● TASK STATEMENT:
Those lines of the following listing which contain the string "nbsp" should be returned.

● LISTED ENTRIES:
□ □ □ □ □ □ □

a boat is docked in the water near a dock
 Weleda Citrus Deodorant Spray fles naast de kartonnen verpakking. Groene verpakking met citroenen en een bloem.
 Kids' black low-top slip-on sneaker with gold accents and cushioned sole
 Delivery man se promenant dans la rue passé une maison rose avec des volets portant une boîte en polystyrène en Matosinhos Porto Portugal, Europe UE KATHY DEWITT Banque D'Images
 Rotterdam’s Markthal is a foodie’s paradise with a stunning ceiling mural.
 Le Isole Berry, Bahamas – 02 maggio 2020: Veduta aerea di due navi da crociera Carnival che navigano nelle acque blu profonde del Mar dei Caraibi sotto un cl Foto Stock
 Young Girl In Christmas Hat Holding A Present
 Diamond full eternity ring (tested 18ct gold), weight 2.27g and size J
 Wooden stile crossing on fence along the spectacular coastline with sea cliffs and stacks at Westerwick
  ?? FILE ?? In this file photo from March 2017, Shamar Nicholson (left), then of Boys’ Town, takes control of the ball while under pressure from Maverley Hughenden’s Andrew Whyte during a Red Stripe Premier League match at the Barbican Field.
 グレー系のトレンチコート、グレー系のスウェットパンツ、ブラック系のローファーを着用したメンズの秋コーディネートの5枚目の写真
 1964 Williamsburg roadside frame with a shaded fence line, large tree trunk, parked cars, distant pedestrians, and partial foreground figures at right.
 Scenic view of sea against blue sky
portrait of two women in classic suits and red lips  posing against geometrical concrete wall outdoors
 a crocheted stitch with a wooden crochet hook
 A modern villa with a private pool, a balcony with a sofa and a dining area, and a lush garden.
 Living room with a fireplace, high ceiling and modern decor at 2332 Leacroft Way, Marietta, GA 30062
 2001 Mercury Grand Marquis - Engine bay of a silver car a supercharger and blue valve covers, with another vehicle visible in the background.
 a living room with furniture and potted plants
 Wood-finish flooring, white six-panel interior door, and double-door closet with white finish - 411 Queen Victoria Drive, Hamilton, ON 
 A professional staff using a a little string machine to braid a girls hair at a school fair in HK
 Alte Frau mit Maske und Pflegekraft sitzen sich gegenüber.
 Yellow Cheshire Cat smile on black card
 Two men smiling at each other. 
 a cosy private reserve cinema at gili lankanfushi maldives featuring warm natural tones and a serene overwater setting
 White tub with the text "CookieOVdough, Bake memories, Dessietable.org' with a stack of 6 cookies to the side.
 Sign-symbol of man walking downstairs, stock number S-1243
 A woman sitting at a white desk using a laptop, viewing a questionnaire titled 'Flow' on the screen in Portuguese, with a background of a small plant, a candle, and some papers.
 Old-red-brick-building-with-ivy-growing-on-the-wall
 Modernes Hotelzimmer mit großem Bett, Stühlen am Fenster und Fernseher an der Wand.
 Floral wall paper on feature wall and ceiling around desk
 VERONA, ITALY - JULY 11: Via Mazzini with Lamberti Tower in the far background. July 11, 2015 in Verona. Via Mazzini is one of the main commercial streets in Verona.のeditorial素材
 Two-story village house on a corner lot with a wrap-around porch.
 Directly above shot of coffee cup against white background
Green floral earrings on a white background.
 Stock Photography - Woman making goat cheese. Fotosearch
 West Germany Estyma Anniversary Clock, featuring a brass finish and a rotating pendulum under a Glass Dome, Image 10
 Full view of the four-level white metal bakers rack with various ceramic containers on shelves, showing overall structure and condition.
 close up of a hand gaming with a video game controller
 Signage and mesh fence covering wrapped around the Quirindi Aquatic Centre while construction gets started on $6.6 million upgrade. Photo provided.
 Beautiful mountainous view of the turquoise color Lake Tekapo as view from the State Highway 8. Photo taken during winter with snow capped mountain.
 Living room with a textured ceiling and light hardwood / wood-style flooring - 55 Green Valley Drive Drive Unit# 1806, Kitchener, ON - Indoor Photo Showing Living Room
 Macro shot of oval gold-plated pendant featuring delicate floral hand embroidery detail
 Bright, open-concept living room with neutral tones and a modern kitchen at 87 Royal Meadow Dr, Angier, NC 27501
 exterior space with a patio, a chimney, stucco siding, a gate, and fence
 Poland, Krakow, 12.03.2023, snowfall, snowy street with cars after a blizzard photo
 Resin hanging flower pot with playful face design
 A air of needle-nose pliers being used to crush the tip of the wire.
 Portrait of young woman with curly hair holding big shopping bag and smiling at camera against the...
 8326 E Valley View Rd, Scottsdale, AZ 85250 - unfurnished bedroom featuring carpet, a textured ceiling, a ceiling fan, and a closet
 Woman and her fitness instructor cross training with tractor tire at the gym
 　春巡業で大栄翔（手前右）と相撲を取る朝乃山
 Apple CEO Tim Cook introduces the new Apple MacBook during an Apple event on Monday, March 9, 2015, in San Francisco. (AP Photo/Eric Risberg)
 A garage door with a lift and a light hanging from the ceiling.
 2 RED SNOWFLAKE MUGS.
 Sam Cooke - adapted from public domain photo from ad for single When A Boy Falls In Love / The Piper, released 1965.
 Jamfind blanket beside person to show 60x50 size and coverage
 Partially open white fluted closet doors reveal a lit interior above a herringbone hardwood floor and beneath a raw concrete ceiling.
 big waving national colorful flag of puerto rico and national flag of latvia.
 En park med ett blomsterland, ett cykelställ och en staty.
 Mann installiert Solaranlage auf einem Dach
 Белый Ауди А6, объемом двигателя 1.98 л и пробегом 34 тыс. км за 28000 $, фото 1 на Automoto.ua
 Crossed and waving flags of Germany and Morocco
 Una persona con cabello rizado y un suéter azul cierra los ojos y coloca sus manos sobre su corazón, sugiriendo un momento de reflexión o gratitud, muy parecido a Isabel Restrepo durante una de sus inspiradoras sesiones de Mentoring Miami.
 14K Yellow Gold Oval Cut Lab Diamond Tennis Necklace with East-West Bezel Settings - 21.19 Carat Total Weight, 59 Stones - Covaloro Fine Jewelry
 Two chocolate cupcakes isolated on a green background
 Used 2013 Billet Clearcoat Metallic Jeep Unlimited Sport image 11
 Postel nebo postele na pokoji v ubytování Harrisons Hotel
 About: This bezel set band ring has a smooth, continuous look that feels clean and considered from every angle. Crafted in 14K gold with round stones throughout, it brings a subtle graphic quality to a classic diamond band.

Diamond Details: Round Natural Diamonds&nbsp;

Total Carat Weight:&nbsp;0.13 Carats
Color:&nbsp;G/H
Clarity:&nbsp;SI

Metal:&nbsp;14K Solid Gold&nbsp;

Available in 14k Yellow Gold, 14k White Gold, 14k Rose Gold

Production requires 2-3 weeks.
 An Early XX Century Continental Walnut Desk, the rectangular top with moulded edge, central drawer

□ □ □ □ □ □ □

● EXERCISE OUTPUT:
Diamond Details: Round Natural Diamonds&nbsp;
Total Carat Weight:&nbsp;0.13 Carats
Color:&nbsp;G/H
Clarity:&nbsp;SI
Metal:&nbsp;14K Solid Gold&nbsp;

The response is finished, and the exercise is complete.